What the task asks >> From the line containing "tulip bulbs in" through the end of the entries, please repeat every line exactly and nothing more; the pictures do not belong in the copy.

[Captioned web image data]
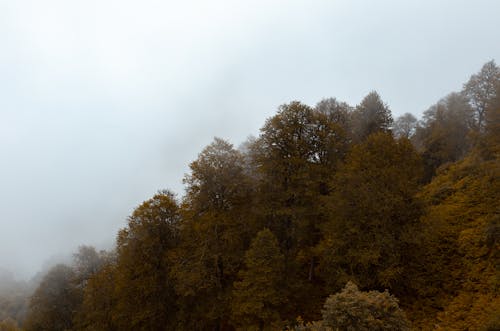 View of a Forest in Autumn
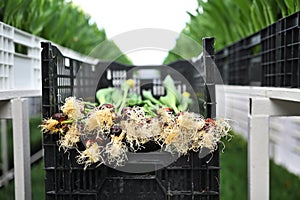 tulip bulbs in close-up on the background of a greenhouse with flowers.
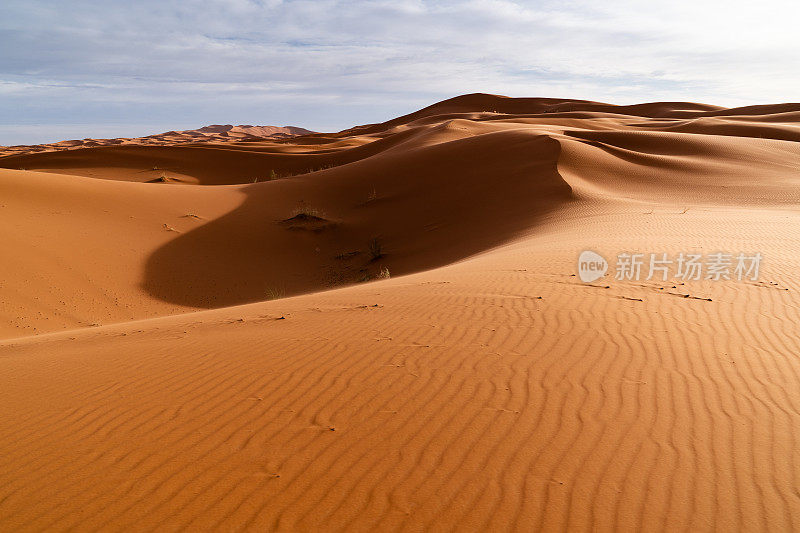 摩洛哥Merzouga沙漠的橙色沙丘和多云的天空。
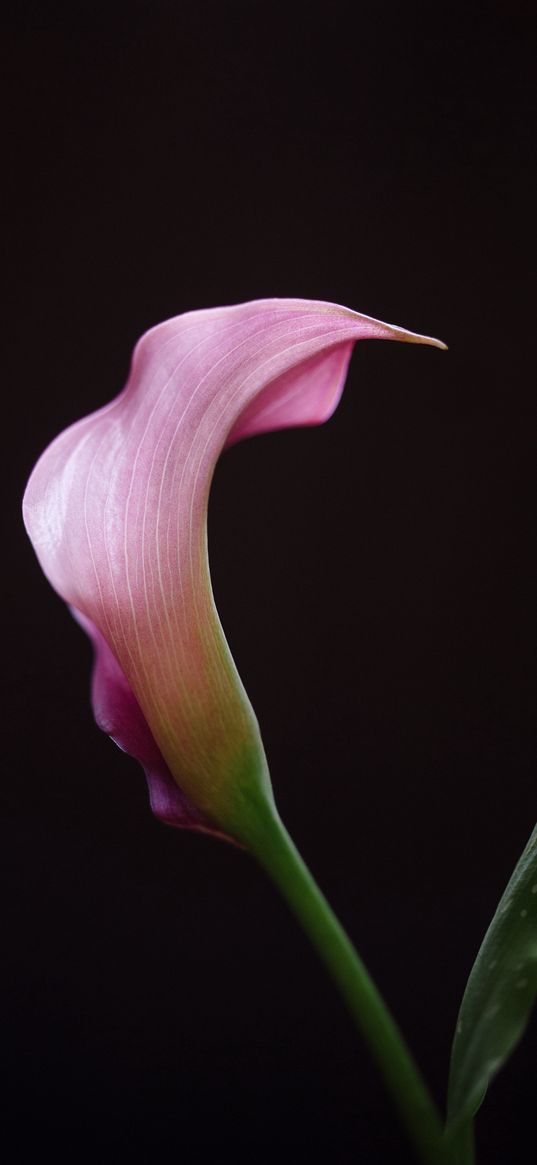 calla, flower, pink, macro, black background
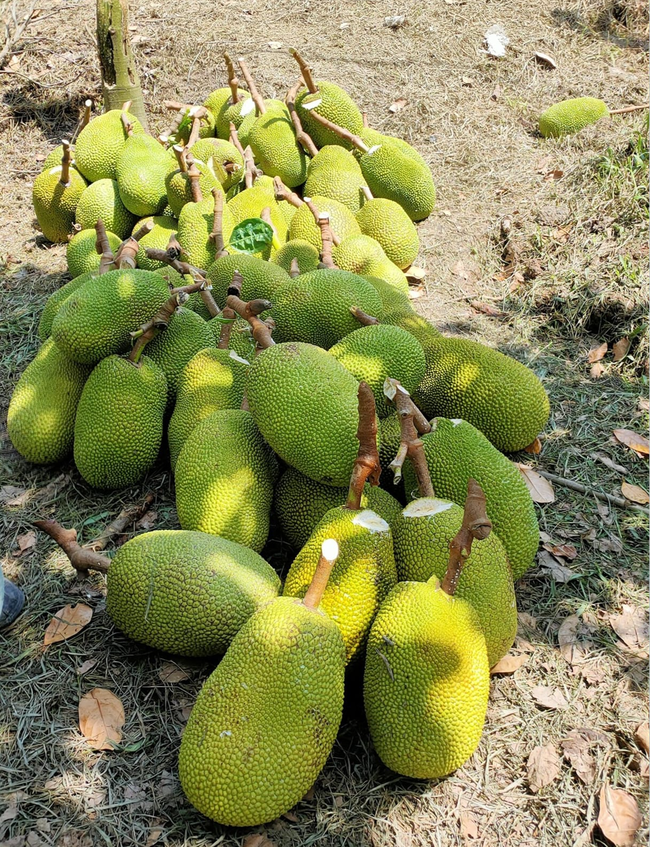 Giá mít Thái 14/8: Giá biến động ở mức cao, vì sao nhiều nhà vườn thích để trái chuyền?
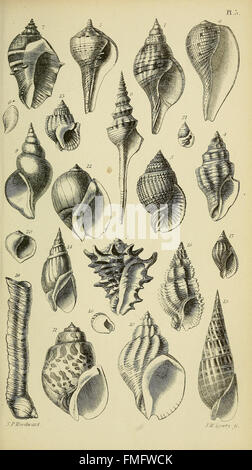 Ein Handbuch der Mollusken (pl. 5) Stockfoto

Answer >>
 tulip bulbs in close-up on the background of a greenhouse with flowers.
 摩洛哥Merzouga沙漠的橙色沙丘和多云的天空。
 calla, flower, pink, macro, black background
 Giá mít Thái 14/8: Giá biến động ở mức cao, vì sao nhiều nhà vườn thích để trái chuyền?
 Ein Handbuch der Mollusken (pl. 5) Stockfoto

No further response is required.